Apesar disso, especialistas ouvidos pela imprensa criticaram tanto o conteúdo quanto a forma da decisão, por ter sido tomada de forma monocrática e provisória, instrumento normalmente reservado a situações de urgência.
AGU tem pedido negado pelo STF
Outro capítulo da crise envolveu a Advocacia-Geral da União (AGU). Gilmar Mendes rejeitou um pedido feito por Jorge Messias para reavaliar a decisão relacionada à Lei do Impeachment. Segundo o ministro, o recurso foi apresentado fora do prazo e não possui previsão legal.
Na decisão, Gilmar argumentou que o chamado “pedido de reconsideração” é um expediente informal no ordenamento jurídico brasileiro e, por isso, não poderia suspender os efeitos da sua liminar, que estabelece que apenas a Procuradoria-Geral da República (PGR) pode apresentar pedidos de impeachment contra membros do STF.

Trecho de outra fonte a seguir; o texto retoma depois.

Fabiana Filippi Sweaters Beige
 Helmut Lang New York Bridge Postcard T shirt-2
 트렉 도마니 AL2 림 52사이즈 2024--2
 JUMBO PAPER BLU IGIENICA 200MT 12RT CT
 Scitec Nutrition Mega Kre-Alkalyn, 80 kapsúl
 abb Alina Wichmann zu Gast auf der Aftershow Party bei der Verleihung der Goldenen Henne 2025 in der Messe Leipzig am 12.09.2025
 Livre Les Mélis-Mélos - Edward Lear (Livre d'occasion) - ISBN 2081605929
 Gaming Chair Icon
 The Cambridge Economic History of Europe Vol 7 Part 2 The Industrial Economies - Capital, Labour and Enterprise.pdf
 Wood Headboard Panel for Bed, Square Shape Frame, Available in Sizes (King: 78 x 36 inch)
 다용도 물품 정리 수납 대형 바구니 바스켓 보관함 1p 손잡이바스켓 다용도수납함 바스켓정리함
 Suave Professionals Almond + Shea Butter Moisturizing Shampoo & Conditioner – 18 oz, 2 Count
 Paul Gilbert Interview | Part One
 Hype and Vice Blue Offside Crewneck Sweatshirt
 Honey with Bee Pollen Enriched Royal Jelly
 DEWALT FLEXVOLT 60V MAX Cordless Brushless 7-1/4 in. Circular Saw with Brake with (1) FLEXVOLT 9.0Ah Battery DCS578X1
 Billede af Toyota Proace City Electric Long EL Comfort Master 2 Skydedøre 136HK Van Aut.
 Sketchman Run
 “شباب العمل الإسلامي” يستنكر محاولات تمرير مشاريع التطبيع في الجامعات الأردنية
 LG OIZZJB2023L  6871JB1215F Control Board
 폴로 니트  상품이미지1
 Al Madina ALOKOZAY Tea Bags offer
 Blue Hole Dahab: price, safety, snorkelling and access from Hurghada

Messias, vale lembrar, foi indicado pelo presidente Luiz Inácio Lula da Silva para uma vaga no Supremo e ainda depende de aval do Senado, o que adiciona mais tensão ao cenário político.
Próximo capítulo será no plenário virtual
Com posições públicas cada vez mais contundentes de ministros, senadores e deputados, o tema seguirá em evidência nos próximos dias. O julgamento virtual marcado entre 12 e 19 de dezembro no STF pode redefinir regras, competências e os limites entre os poderes em relação ao impeachment de ministros da Corte.
Até lá, a expectativa é de novas manifestações e possíveis movimentações no Congresso, sobretudo em torno da PEC que limita decisões monocráticas e de projetos que podem alterar as regras atuais sobre o tema.